PS Congratulations to Queen of the South. Today, you have qualified for Europe.
"It's been about 14 years / I've been killin' MCs and taunting br'ers"
Were we not such dyed-in-the-wool Londinistas that we rep for public transport at every turn, we'd almost be tempted to go out and nab a cabriolet with Koni air-shocks, just so we could boom Riko's "The Truth" opus at max volume as we cruised around the manor. Riko, as "Big Time Veteran" (also on this double-CD) acknowledged, is fairly ancient - early 30s - in a game where the best established producer right now is still in his teens: but this is the first Riko product we've managed to get hold of since "Chosen One" with Target on the first Run the Road, and his phoned-in verse from HMP Brixton to Lady Sovereign's "Random" remix before she too joined the queue of faller-offers. (And yes, we know that we increasingly devote plenty of pixels to asides of mourning for those who've fallen off, but then that's the territory if one writes, however badly, about music: incidentally the reason we don't write about Estelle any more, who's all big tings now, isn't that she's fallen off: it's just that her thing isn't our thing no more).

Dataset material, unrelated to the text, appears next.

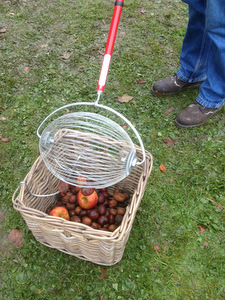 Easy Garden au Festival des Plantes à Beez
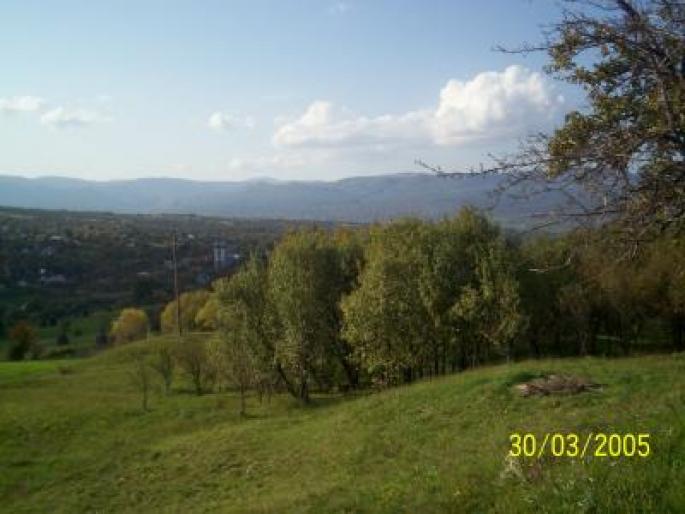 image_16355 - Peisaje din Muntii Carpati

Sorry. Again assembled over a period of years - this time more than just the last two - "The Truth" is shrill with the kind of lairy, eager, buzzing gun-clap that sounded so exciting when "Run The Road" first rolled round, as Riko peppers pleasingly raw passages of ragga-style toasting with more conventional rhyming. Also, more than many mixtapes, and probably because it hasn't been thrown together in a matter of months, this one manages to stay in high gear, hardly ever derailing into the stock mixtape filler territory of R&B shlock tributes to mum, girlfriend, fallen soldierz etc.

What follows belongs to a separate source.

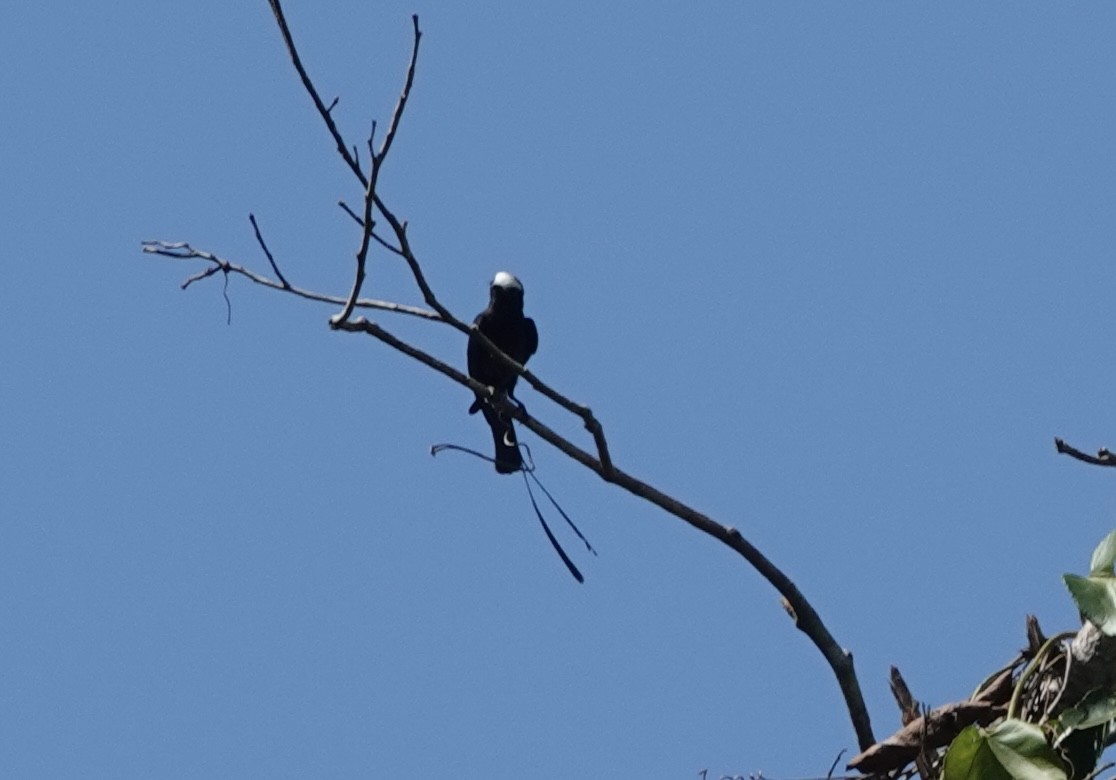 Long-tailed Tyrant - ML638178651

It starts by exhuming "So Amazing", last seen on Eskiboy's "Da 2nd
Phaze", and then delivers a stream of should-be singles. As well as the imperious, Bless Beats-anchored "Big Time Veteran", there's "No Boad Test This Corner" which bounces with nervous energy and irresistible, rippling beats (guess who it's produced by); "It's War", all busy rapping over "My Mistakes"-style backing; "Grand Theft Auto", a series of digs at Lethal Bizzle and no doubt those boasts of Punto-nicking on his last album; and the very neat, dancehall and reggae-tinged "Informer Dead" and "Retaliate". The second disc is bookended by six minutes in the sassy company of "Dumplin Riddim" (sirens, skank, sublow = swell) and an 18-minute 1Xtra soundclash with Flowdan. Plus, when let loose on Skepta's Stage Show riddim, Riko proves nearly as hyper as Jammer is on the excerpt that appeared on Skream's Rinse comp...
Unlike Eskiboy and Trim's tapes, Riko does rather concentrate on banging out these foursquare crowdpleasers and club tunes one after another - only on "My Style" and "I'm Still Here" does he really give us more of a glimpse of his story, his personality - but the package is generally imperturbably great, falling off (there we go again) only with the likes of "Selfish Lies" (see comments above re wishy-washy songs about relationships) and the nadir, the predictably un-liberating "Women's Liberation". But in the end, if you can make a few quid go further than this double CD, we'd be extremely surprised.
PS Congratulations to Queen of the South. Today, you have qualified for Europe.